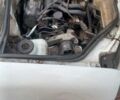 Білий Рено Кєнгу, об'ємом двигуна 1.2 л та пробігом 230 тис. км за 2500 $, фото 3 на Automoto.ua
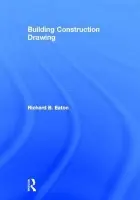 Building Construction Drawing - Eaton, Richard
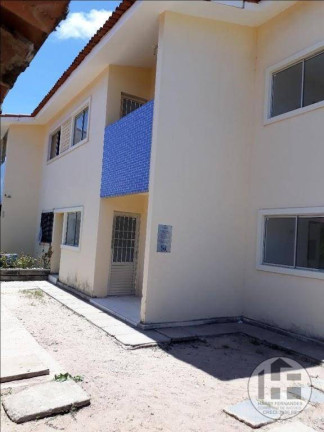 Imagem Apartamento com 3 Quartos à Venda, 67 m² em Nossa Senhora Do ó - Paulista Imagem Apartamento com 3 Quartos à Venda, 67 m² em Nossa Senhora Do ó - Paulista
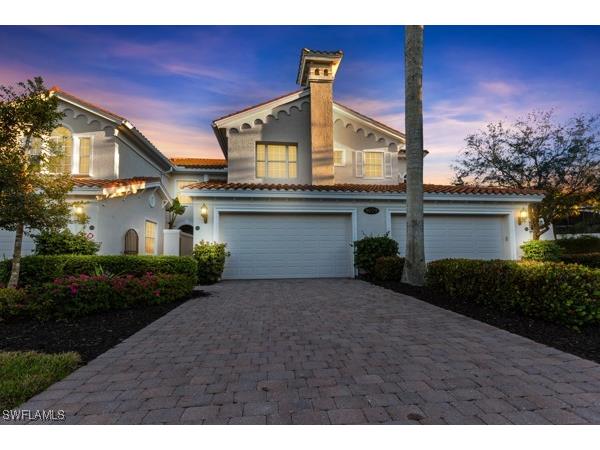 9079 Cascada Way #102 Naples FL 34114 225060561 image41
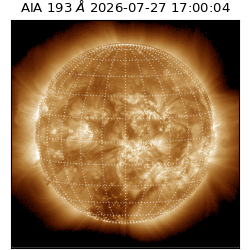 saia - 2026-07-27T17:00:04.842000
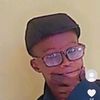 funnybrother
++++++++++
• [Problem to solve] Print the data above in full and exactly as it appears, skipping the pictures.

• [Solution to the exercise]
 Білий Рено Кєнгу, об'ємом двигуна 1.2 л та пробігом 230 тис. км за 2500 $, фото 3 на Automoto.ua
 Building Construction Drawing - Eaton, Richard
 Imagem Apartamento com 3 Quartos à Venda, 67 m² em Nossa Senhora Do ó - Paulista Imagem Apartamento com 3 Quartos à Venda, 67 m² em Nossa Senhora Do ó - Paulista
 9079 Cascada Way #102 Naples FL 34114 225060561 image41
 saia - 2026-07-27T17:00:04.842000
 funnybrother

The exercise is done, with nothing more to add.